For the listing that follows, give again exactly the lines from the one with "So this is our" to the one with "Find the home", including both.

◆ **DATA FOR ANALYSIS**:
◆ ◆ ◆
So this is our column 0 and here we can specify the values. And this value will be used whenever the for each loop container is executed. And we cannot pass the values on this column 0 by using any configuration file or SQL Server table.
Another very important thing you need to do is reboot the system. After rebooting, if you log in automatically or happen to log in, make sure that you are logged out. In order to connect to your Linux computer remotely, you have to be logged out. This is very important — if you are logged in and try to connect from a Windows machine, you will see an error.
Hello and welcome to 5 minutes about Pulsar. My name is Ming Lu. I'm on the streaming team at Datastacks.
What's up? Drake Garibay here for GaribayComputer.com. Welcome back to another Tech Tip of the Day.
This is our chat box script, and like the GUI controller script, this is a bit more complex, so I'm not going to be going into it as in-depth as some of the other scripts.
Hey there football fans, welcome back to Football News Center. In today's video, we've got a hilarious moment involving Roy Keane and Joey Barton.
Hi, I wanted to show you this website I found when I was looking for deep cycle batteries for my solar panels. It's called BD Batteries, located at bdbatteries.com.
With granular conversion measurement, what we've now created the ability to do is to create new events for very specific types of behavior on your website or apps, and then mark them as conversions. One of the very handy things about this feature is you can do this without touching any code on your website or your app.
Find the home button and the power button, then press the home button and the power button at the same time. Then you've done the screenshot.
◆ ◆ ◆
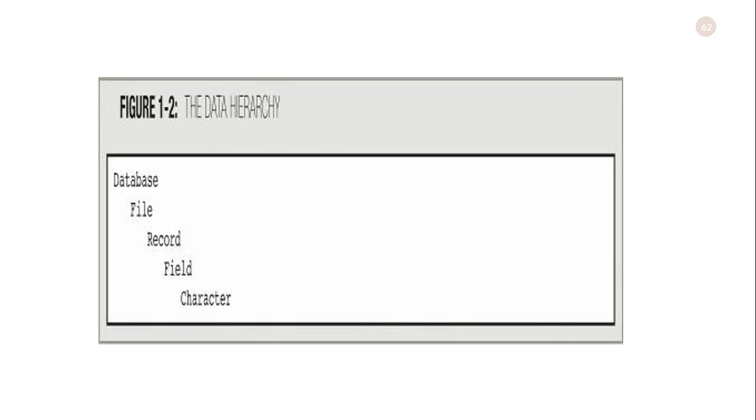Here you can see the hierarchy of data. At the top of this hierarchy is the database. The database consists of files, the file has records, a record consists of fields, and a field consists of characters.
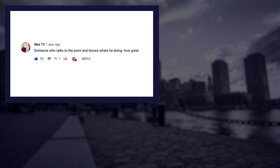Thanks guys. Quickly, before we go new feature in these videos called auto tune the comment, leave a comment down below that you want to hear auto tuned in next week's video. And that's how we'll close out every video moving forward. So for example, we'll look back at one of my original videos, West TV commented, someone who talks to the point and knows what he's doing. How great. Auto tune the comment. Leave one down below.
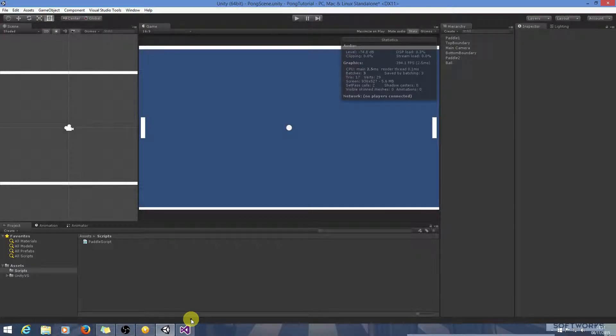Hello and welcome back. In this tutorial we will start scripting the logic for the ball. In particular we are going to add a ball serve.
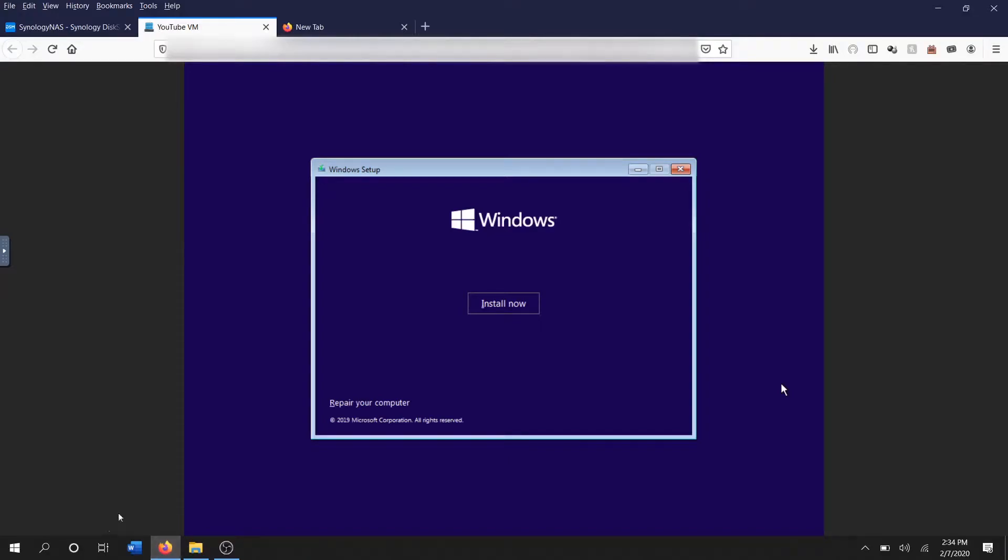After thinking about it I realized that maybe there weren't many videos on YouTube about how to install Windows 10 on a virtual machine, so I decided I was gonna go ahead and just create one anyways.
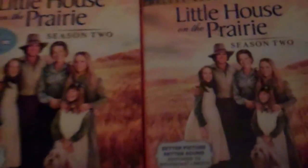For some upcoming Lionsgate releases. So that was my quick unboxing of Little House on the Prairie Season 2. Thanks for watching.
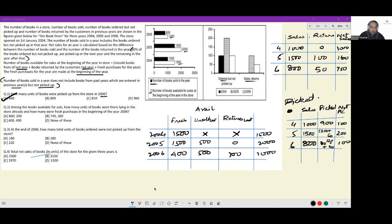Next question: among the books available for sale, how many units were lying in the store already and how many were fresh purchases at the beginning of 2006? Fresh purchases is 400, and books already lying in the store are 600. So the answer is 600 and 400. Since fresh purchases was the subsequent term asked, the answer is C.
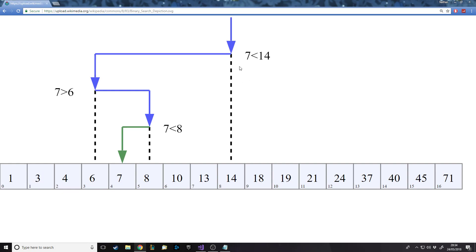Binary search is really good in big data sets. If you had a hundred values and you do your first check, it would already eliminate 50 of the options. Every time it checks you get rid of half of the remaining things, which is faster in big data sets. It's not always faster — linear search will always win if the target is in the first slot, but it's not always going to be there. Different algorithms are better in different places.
◆ ◆ ◆
◆ **ANSWER BOX**:
So this is our column 0 and here we can specify the values. And this value will be used whenever the for each loop container is executed. And we cannot pass the values on this column 0 by using any configuration file or SQL Server table.
Another very important thing you need to do is reboot the system. After rebooting, if you log in automatically or happen to log in, make sure that you are logged out. In order to connect to your Linux computer remotely, you have to be logged out. This is very important — if you are logged in and try to connect from a Windows machine, you will see an error.
Hello and welcome to 5 minutes about Pulsar. My name is Ming Lu. I'm on the streaming team at Datastacks.
What's up? Drake Garibay here for GaribayComputer.com. Welcome back to another Tech Tip of the Day.
This is our chat box script, and like the GUI controller script, this is a bit more complex, so I'm not going to be going into it as in-depth as some of the other scripts.
Hey there football fans, welcome back to Football News Center. In today's video, we've got a hilarious moment involving Roy Keane and Joey Barton.
Hi, I wanted to show you this website I found when I was looking for deep cycle batteries for my solar panels. It's called BD Batteries, located at bdbatteries.com.
With granular conversion measurement, what we've now created the ability to do is to create new events for very specific types of behavior on your website or apps, and then mark them as conversions. One of the very handy things about this feature is you can do this without touching any code on your website or your app.
Find the home button and the power button, then press the home button and the power button at the same time. Then you've done the screenshot.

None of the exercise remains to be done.